Fallout 4 DLC Review

Patches

Along with DLCs, Bethesda has also released a few patches for the post-apocalyptic title.  However, instead of fixing bugs, they've mostly been optimizing the engine, and so several quests that were glitchy at the game's release are still glitchy now, like "Emogene Takes a Lover," which is annoying since if that quest breaks then you can't reach one of the game's bobbleheads.

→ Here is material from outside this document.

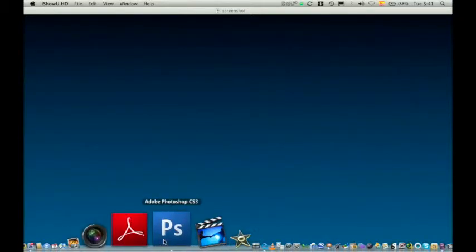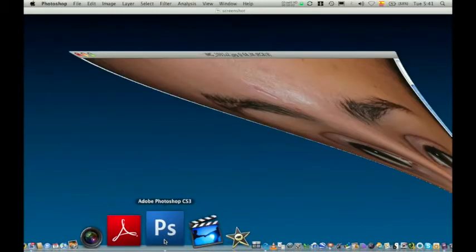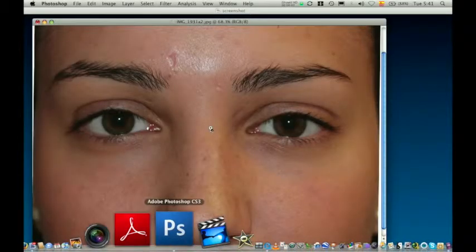The following video demonstrates the method employed to detect and measure lower eyelid asymmetries using the program Photoshop CS3 Extended.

But along with standard patch stuff, Bethesda has also made two important changes.  The first one is bizarre.  For some reason, Bethesda made it so if you're using mods, then you can't earn any achievements.  For a developer who relies on mods as much as Bethesda does, this seems like a questionable stance, if not a slap in the face of their fanbase.  Luckily, just like with all of Bethesda's doofy decisions and buggy elements, people have modded them away, and so a couple of mods popped up allowing you to put achievements back to the way they were before.

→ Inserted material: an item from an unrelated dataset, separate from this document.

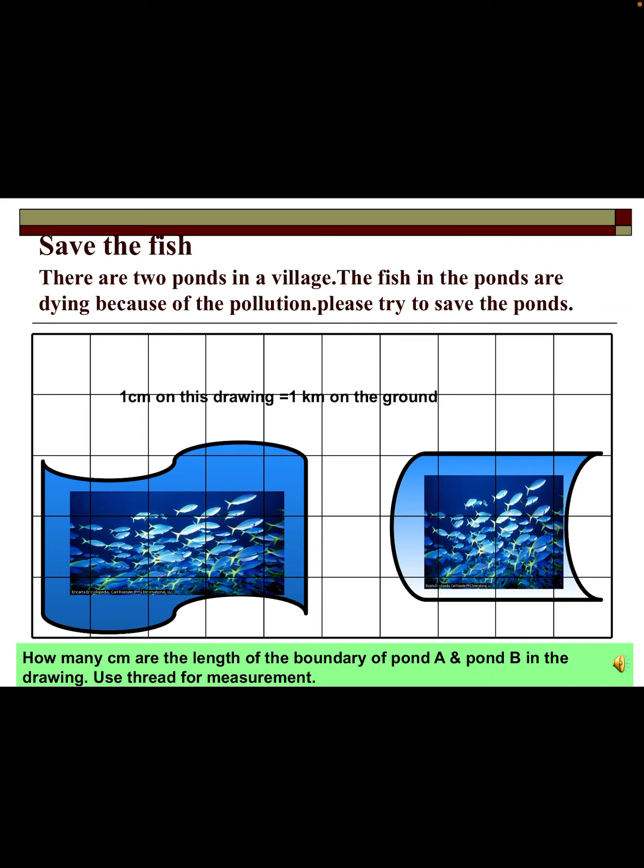There are 2 irregular ponds in a village where fish are dying due to pollution. Here, 1 cm on the drawing equals 1 km on the ground, as studied in the mapping chapter. Measure the length of the boundary of Pond A and Pond B using thread to find the perimeter, and think of strategies to protect the ponds from pollution.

The other change is much better.  Bethesda introduced a true Survival mode, where you have to eat, drink, and sleep in order to survive.  Oddly, they also added extra elements to the mode, eliminating fast travel, only allowing saves when you sleep, introducing infections that require antibiotics, and more.  So the Survival mode is the true toughest difficulty.  I would have preferred if Bethesda had given you options for which elements to turn on or off, but a more challenging mode was sorely needed.  Unfortunately, as with all of Bethesda's games, no matter what the difficulty is, you eventually reach a point where everything becomes easy.  I played in Survival mode for the entire game (that's what I was using as I worked my way through the DLCs), and it kept things tense until around level 35, which probably not coincidentally is when I unlocked ballistic weave (and even though I'm using a mod to tone down ballistic weave, it's still overpowered).

Conclusion

Overall, I had some fun with the Fallout 4 DLCs, but I was disappointed with their content and quality.  Bethesda made all sorts of weird decisions in them -- focusing too much on settlements, adding puzzling items like pillories, ball tracks, Christmas trees and monster cages, and favoring cosmetic changes over true new content -- that I'm not sure who they were even building the DLCs for.  Did anybody complete Fallout 4 and think, "I sure hope half of the DLCs expand upon what I can build in my settlements -- and ignore the fact that I can get a lot of those items free in mods!"  I somehow doubt it.  That certainly wasn't my reaction.

That being said, I enjoyed Fallout 4, and I didn't mind playing through it again for the DLCs -- although mostly that was because of Survival mode.  The $50 Season Pass basically charges you for Automatron, Far Harbor, and Nuka-World, and gives you the workshop DLCs for free, but even so, and even if you liked Fallout 4, I'd recommend waiting for a sale.  Given the almost universal poor reviews of the DLCs, the price is bound to drop sooner or later.